Casi siempre cuando miramos nuestra infancia, lamentamos y sufrimos por aquello que un día deseamos y no tuvimos. Nuestra madre o nuestro padre puede no haber sido quien nos gustaría que fuese; nuestra salud nos puede haber creado frustraciones; pudimos haber tenido que mudarnos constantemente debido al trabajo de nuestros padres; tuvimos que soportar el dolor de que nuestros padres se separasen; nuestro padre o nuestra madre puede haber muerto cuando aún éramos niños o muy jóvenes; pudimos haber tenido una condición material difícil, a veces sin tener alimento y ropa suficiente; podemos haber sufrido humillaciones en la escuela; pudimos haber tenido que trabajar demasiado temprano y abandonar los estudios. Son muchas las marcas dolorosas que la vida puede dejar en la vida de un niño.
Cuando nos tornamos adultos cargamos el vacío de estos deseos frustrados, el peso de los traumas que sufrimos. Hay personas que se curvan sobre el peso de este pasado. Se desaniman. No tienen autoconfianza, coraje y alegría para continuar la vida. Otros se perturban y quieren exigir que las personas con las cuales se relacionan paguen la cuenta. “Si mi padre no me dio, mi novio, el pastor de mi iglesia o mi patrón, van a tener que compensarme”. Como si alguien tuviese que devolvernos aquello que era nuestro derecho y que nos fue robado.
Nos olvidamos que aquellos con quien nos relacionamos también cargan dentro de sí carencias y frustraciones. Y si todos quieren recibir, ¿dónde está el que va a entregar, aquel que tiene de sobra?
Es duro pero es verdad. Nadie tiene la obligación de compensarnos. Tornarse adulto es tornarse responsable. Nadie va a cargar en los brazos a un adulto de veinte o treinta años esperando que él crezca. Es necesario buscar fuerzas en sí mismo. Es necesario aprender a ser padre y madre de uno mismo. Es necesario buscar con las propias manos aquello que nos falta, aprendiendo a cuidar y a curar nuestras propias heridas. Podemos buscar esta ayuda y encontrarla. Pero quien esté a nuestro lado diariamente – marido, novia, amigo, hermana, colega de trabajo – no va a soportar que nos comportemos como un niño inválido e irresponsable.

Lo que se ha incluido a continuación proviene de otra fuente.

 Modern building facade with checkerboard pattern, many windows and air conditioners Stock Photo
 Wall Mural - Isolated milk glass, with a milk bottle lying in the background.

Existe una alegría en tornarse adulto, autónomo y competente. Es necesario descubrirla. Es bueno descubrir que podemos cuidar de nosotros mismos. Ese niño carente que está dentro de nosotros puede venir a nuestros brazos adultos. Podemos mimarnos, darnos gustos, salir a pasear y estimularnos a seguir. Si descubrimos la alegría de ser independientes, podemos encontrar personas que quieran nuestra compañía. Entonces ahí, ya seremos capaces de compartir, de dar, recibir y amar.